OpenAI-Compatible API
miLLM exposes an OpenAI-compatible API at /v1, making it a drop-in replacement for the OpenAI SDK.
Endpoints
| Endpoint | Method | Description |
|---|---|---|
/v1/chat/completions | POST | Chat completion (streaming and non-streaming) |
/v1/completions | POST | Text completion |
/v1/embeddings | POST | Text embeddings |
/v1/models | GET | List available models |
Usage with OpenAI SDK
from openai import OpenAI
client = OpenAI(
base_url="http://millm.hitsai.local/v1",
api_key="not-needed" # miLLM doesn't require auth
)
response = client.chat.completions.create(
model="gemma-2-2b-it", # Must match loaded model name
messages=[{"role": "user", "content": "Hello!"}],
max_tokens=100,
temperature=0.7,
)
print(response.choices[0].message.content)
Streaming
stream = client.chat.completions.create(
model="gemma-2-2b-it",
messages=[{"role": "user", "content": "Tell me a story"}],
stream=True,
)
for chunk in stream:
if chunk.choices[0].delta.content:
print(chunk.choices[0].delta.content, end="")

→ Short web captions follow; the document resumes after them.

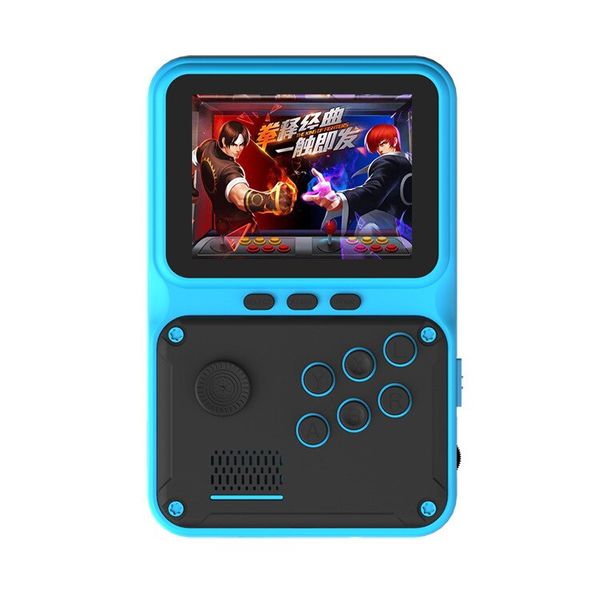 JP09 handheld Game Console Built-in 500 Retro Games consolas de videojuegos Protable Game Player English/Spainsh/Portuguese
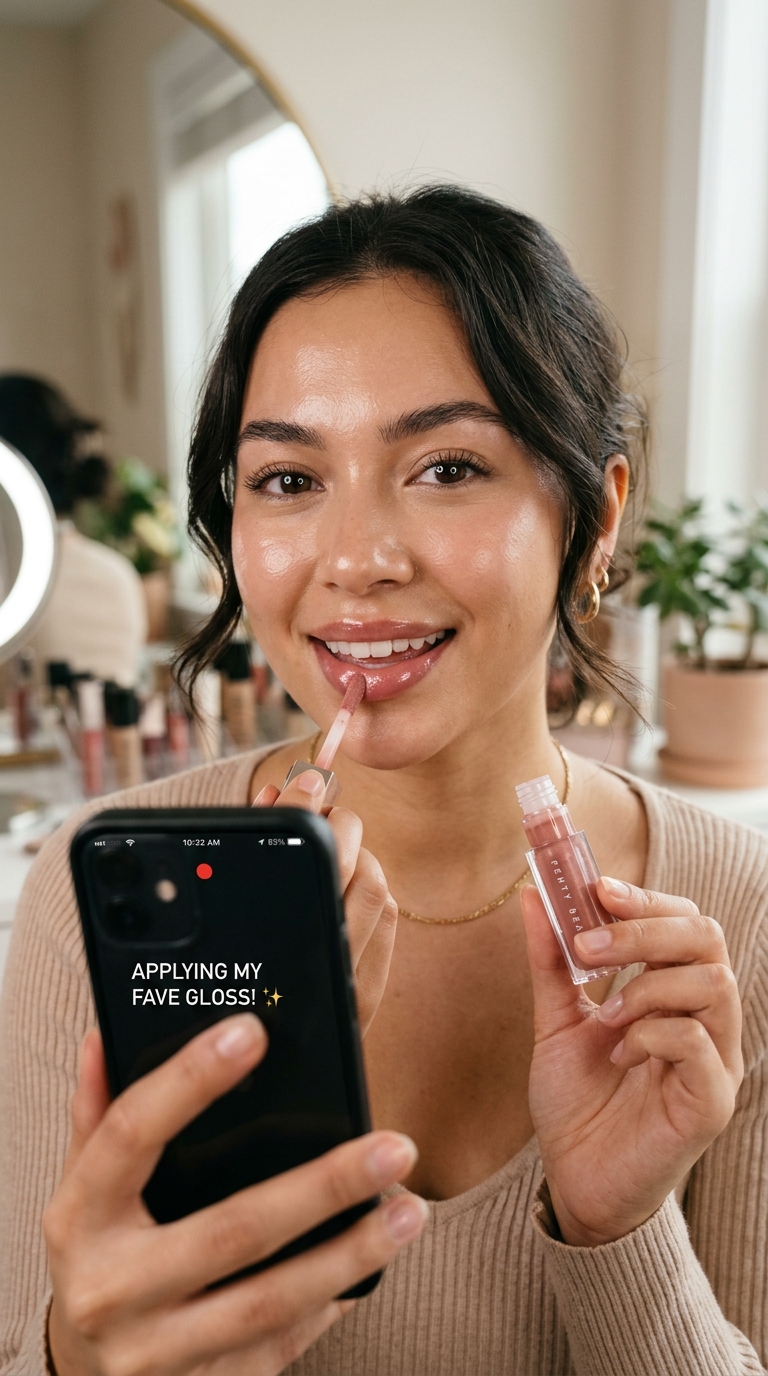 Beauty performance ad creative
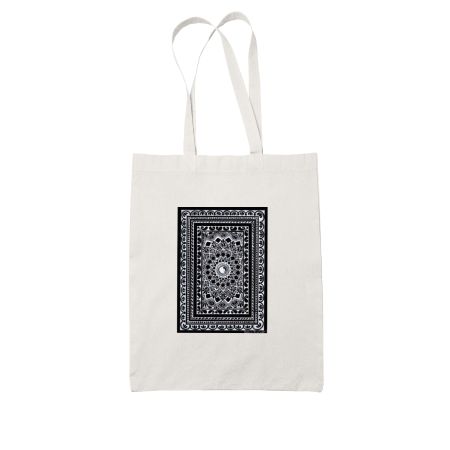 White square mandala White Tote Bag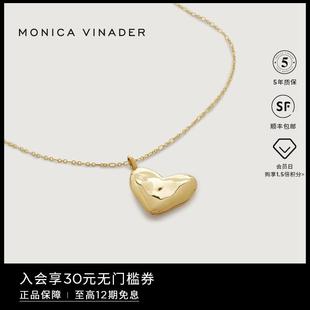 Vinader莫妮卡項(xiàng)鏈心款 Monca 形盒項(xiàng)鏈頸銀鍍金項(xiàng)鏈情i侶鏈JZZ同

Profile-Based Steering via API
Use the profile parameter to apply a saved steering profile per-request:
response = client.chat.completions.create(
model="gemma-2-2b-it",
messages=[{"role": "user", "content": "What is truth?"}],
extra_body={"profile": "honesty-amplification"},
)
Integration with Other Tools
- Open WebUI: Set the OpenAI API base URL to your miLLM instance
- miStudio Labeling: Use "OpenAI Compatible" method with miLLM's
/v1endpoint - LangChain/LlamaIndex: Use the OpenAI provider pointed at miLLM
Steered Inference
When steering is enabled via the admin UI, all API requests are steered. The steering affects the model's residual stream at the attached SAE layer. To use unsteered inference while steering is configured, disable steering from the UI or use a profile-less request.